Sales is complex and any industry with high inertia, top down decision making, and monopolistic players NPS is not even applicable. This makes me wonder why so many startups are obsessed with it.
It’s also possible that NPS should not even be a goal.
Eg in the NHS paper I referred to, difference in NPS among patients was not due to actual patient care and recovery. Perhaps NPS is not even a measure for hospitals.

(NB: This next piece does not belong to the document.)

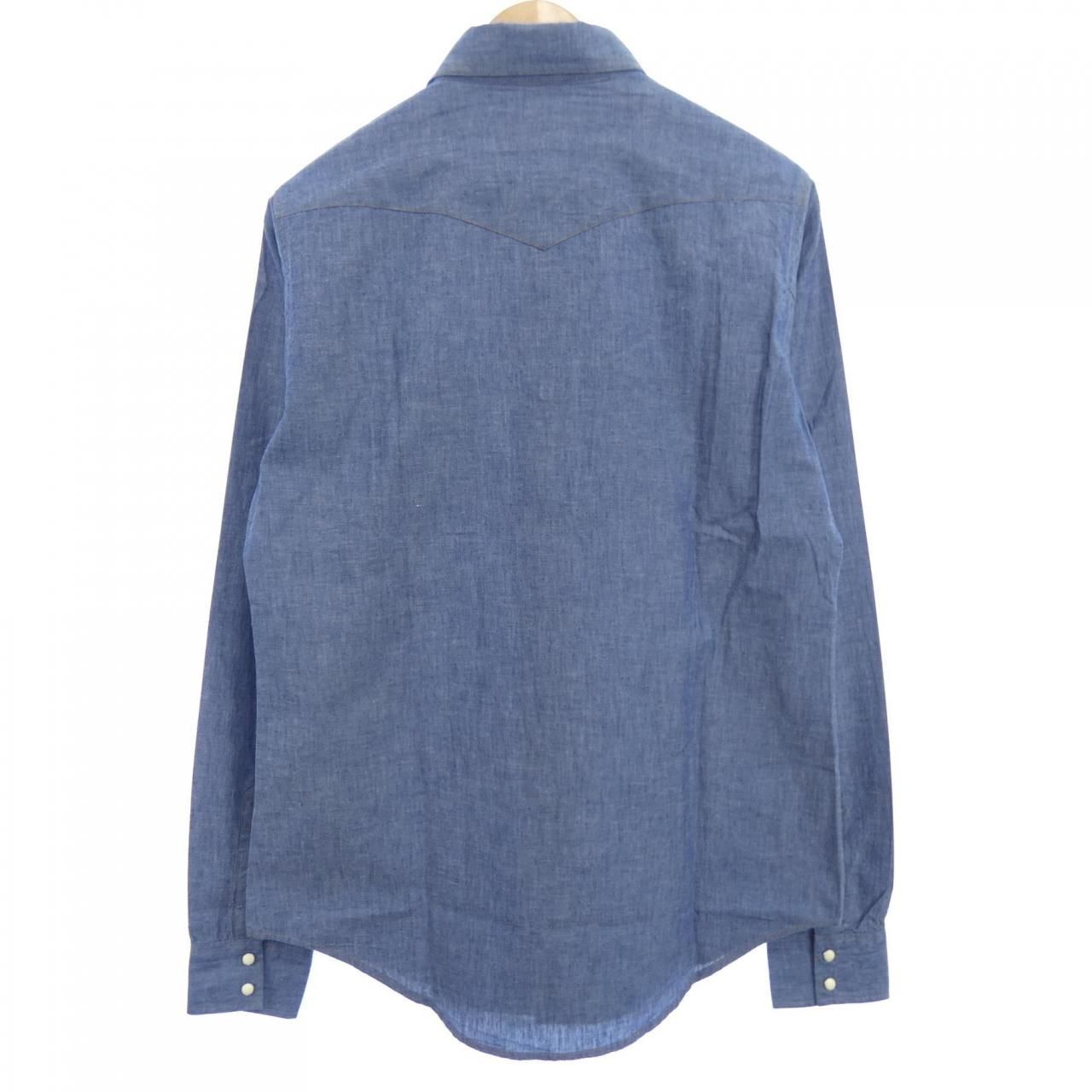 345770YM14V シャツ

NPS seems to be a arbitrary score with little statistical backing. It is not even be valid for many industries .
While it can be used as a tool in your armour of many other signals, over reliance on this for making decisions is not prudent.
NPS is popular perhaps because it is simple, but this reminds me of the phenomenon of Bikeshedding .
Bikeshedding: If a committee were to design a nuclear power plant, they may spend far more time than necessary to discuss the bike sheds, its color, its position, and its capacity . The reason for this is that bike sheds are easy to design and everyone can have an opinion on it.
In corporate we sometimes spend a lot of time on bikeshedding activities just because our minds automatically go towards simplicity first.
NPS to me sometimes sounds like the Bikeshed of the user research world
As a startup / company, I would be more worried about actual referrals, customer churn/ retention, cost of acquisition, than NPS.
Low NPS maybe a sign of something wrong, but it’s likely also showing up in other survey questions. NPS may not be adding any value
NPS may be simple, but not necessarily useful
As a product manager, I become very suspicious when some startup or product touts high NPS scores with little else to back it up.
As an investor, I would ideally ignore the NPS score, or give it very less weightage unless backed by actual metrics. it is easy to manipulate and if it’s rewarded it would be in any company’s best interests to figure out how to get better scores.